# You Last visited: 11-14-1982?



## ZXIIIT (Nov 14, 2008)

Thats what I got when I logged in today, and I tried sending a PM to Kristallin and got a "error, have to wait 15 seconds, please try again in 84568363 seconds"

???


----------



## DDDorian (Nov 14, 2008)

I'm getting that same error now, also, every forum is infinitely unread. DREW!!!


----------



## Ketzer (Nov 14, 2008)

Yes, something is definitely amiss here  I wasn't even BORN in '82.


----------



## Zepp88 (Nov 14, 2008)

I have the same damn thing....the forum is in retrograde....

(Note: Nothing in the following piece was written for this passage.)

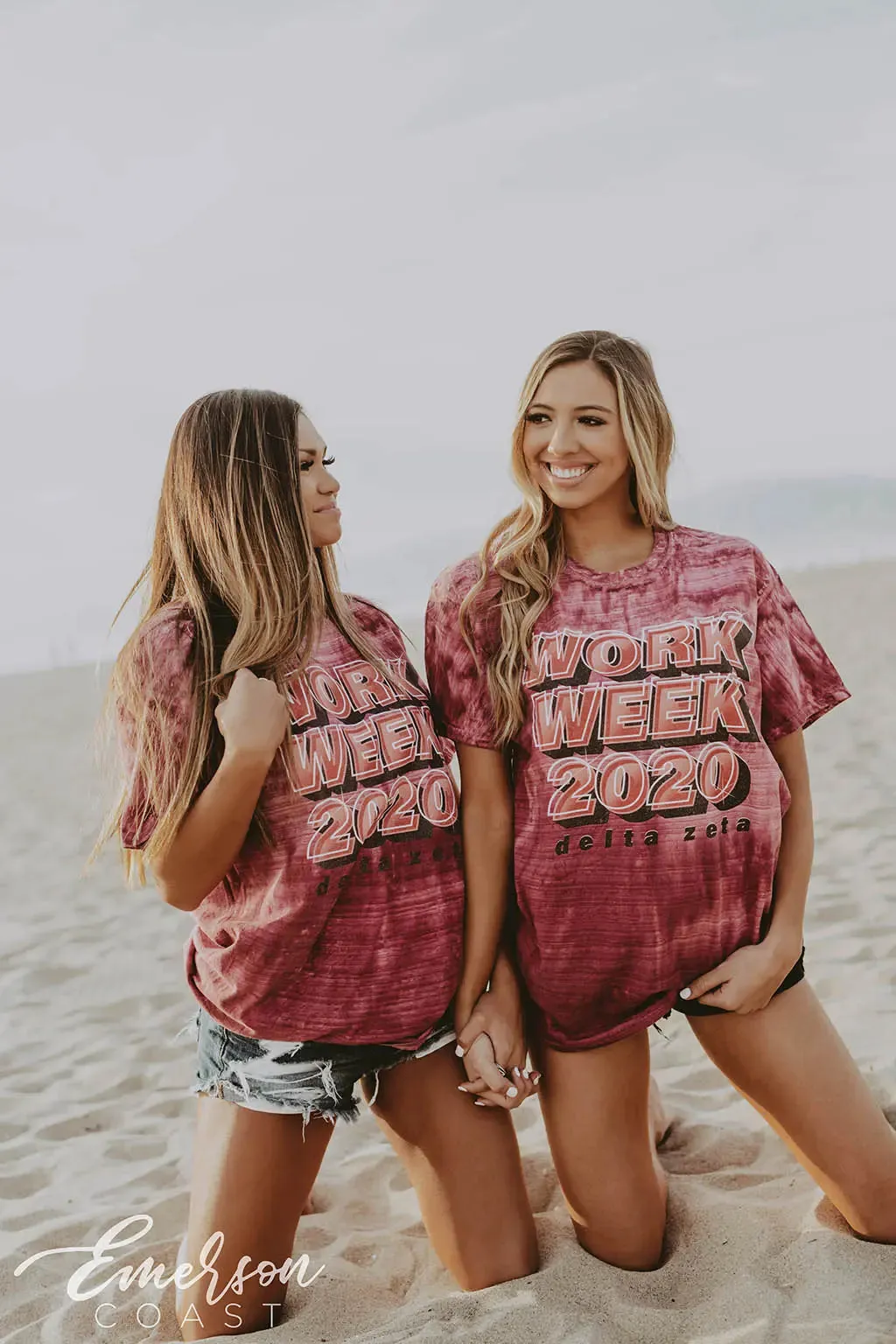 Delta Zeta Work Week Red Tie Dye Tee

If something is wrong with the forum, do we still blame Drew?


----------



## Zepp88 (Nov 14, 2008)

Also, the forum has dropped out a couple times tonight for me, and i suddenly have old subscribed threads in my User CP again


----------



## ILdÐÆMcº³ (Nov 14, 2008)

Captain the forward sensor array is detecting a large concentration of graviton particles emanating from the anomaly.


----------



## Zepp88 (Nov 14, 2008)

ILdÐÆMcº³;1274504 said:


> Captain the forward sensor array is detecting a large concentration of graviton particles emanating from the anomaly.

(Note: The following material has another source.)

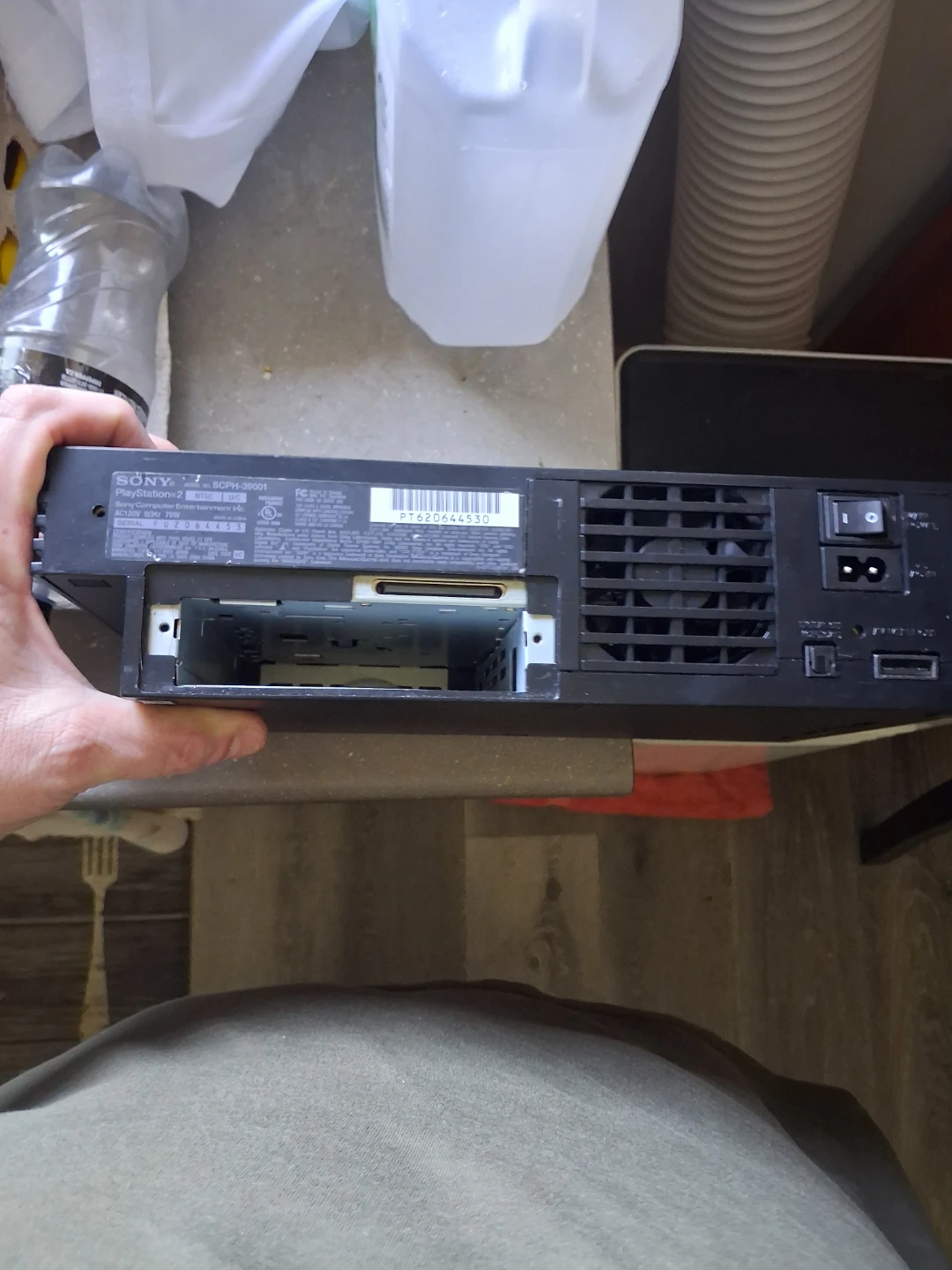 PlayStation 2 Phat works, as is read description - photo 3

Proceed on impulse power, and fetch me a burrito.


----------



## DDDorian (Nov 14, 2008)

Fixed, as far as I can tell. Nice work, adminisequel


----------



## Daemoniac (Nov 14, 2008)

No fixed. Mine is still all 1982. 


That just goes to show how metal i am; i was on this forum before i (or it) was created.


----------



## petereanima (Nov 14, 2008)

you have to log off and log in again!


----------



## Drew (Nov 14, 2008)

DDDorian said:


> I'm getting that same error now, also, every forum is infinitely unread. DREW!!!



Sorry guys, you can't blame me this time - I don't work here anymore.


----------



## 7 Strings of Hate (Nov 14, 2008)

^nice


----------



## Alex (Nov 15, 2008)

This happened late last night after rebooting the server. Not sure what went wrong, and my other forums experienced the same thing, but everything was back to normal after restarting Apache.


----------



## Elysian (Nov 15, 2008)

the flash chat app also hasn't been working for me, it loads the background and then just stops, no matter what os i'm in, or what browser i use...


----------



## Alex (Nov 15, 2008)

Flash chat fixed.


----------



## Stealthdjentstic (Nov 15, 2008)

Elysian said:


> the flash chat app also hasn't been working for me, it loads the background and then just stops, no matter what os i'm in, or what browser i use...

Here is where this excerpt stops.